# Convert Car Sub to home sub.... for dummies



## nikkibee (Nov 3, 2009)

Hey Guys!

I have a 10 in sub woofer and amp from my car that I would loveee to use in my dorm room. Unfortunately, I am COMPLETELY electronically un-savvy, so I don't even know where to start. 

I was hoping to connect the system to my laptop, if thats possible. But i would also be able to buy a stereo if that was the only option. I want to spend as little as possible on this, you know how college goes...

A step by step answer would be AMAZING as I am clueless, but any info helps.

Thanks so much everyone!


----------



## midders (Jan 1, 1970)

All you really need is a 12 v d.c. supply to power the car amplifier, then you can use a CD/MP3 player or the line out from a hi-fi system to provide the music signal. Maplins/Radio Shack etc. should be able to supply a mains adapter that will give you the 12v d.c. as well as any cables that you might need.

The most likely cable that you will need to connect your laptop will be a 3.5mm pin (from the headphone socket) to twin phono sockets for the amplifier, although the same effect is sometimes achieved by using a normal twin phono lead with a 3.5mm pin to phono socket adapter.
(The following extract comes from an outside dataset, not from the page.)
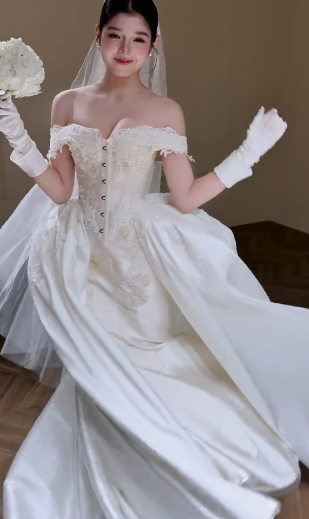 Timeless Ball Gown Off The Shoulder Satin Lace Applique With Gloves Veil Long Wedding Dresses C4359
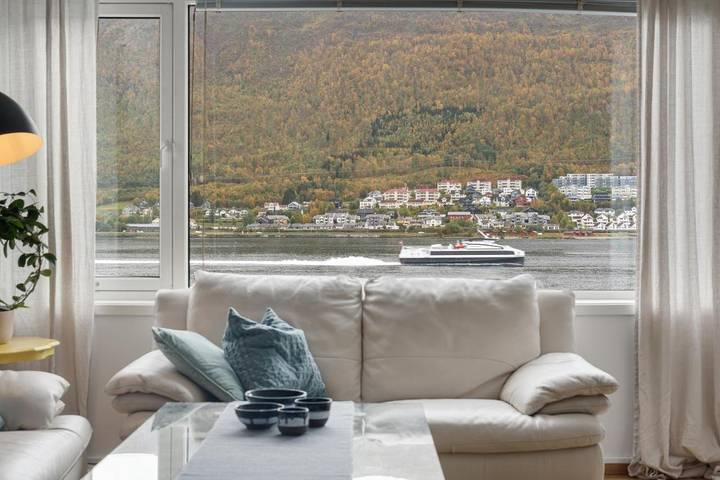 Ferienwohnung für 6 Personen, mit Terrasse und Ausblick in Tromsø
Bear in mind that if you connect a sub on its own without any 6" x 9"s or similar high/mid-range speakers all you'll get will be bass; the filter on the amp should be setto low-pass when using it with a sub to avoid damage to the speaker.

Slainte

midders


----------



## guy2 (Apr 30, 2009)

A 12volt power supply sufficient enough to power that amp correctly is going to be really expensive ,the 12V rails on a computer power supply is out of the question if you want to play it loud and not over load it slowly. 

Iv asked this in the same place on this forum and the only way iv found to power 1000watt amp and 2/12 is threw car batteries.


----------



## midders (Jan 1, 1970)

guy2 said:


> A 12volt power supply sufficient enough to power that amp correctly is going to be really expensive


Oops, forgot about that part 

A powerful car amp will typically peak at 30-40 Amps which is more than most DC adapters will provide... go wtih guy2's advice and use a couple of car batteries connected in parallel and charge them, when not in use, with a mains charger.


----------



## guy2 (Apr 30, 2009)

And please use fuses


----------



## Drabdr (Nov 26, 2007)

I've tinkered with this stuff before. What I did was get a 12vdc to 120 vac adapter.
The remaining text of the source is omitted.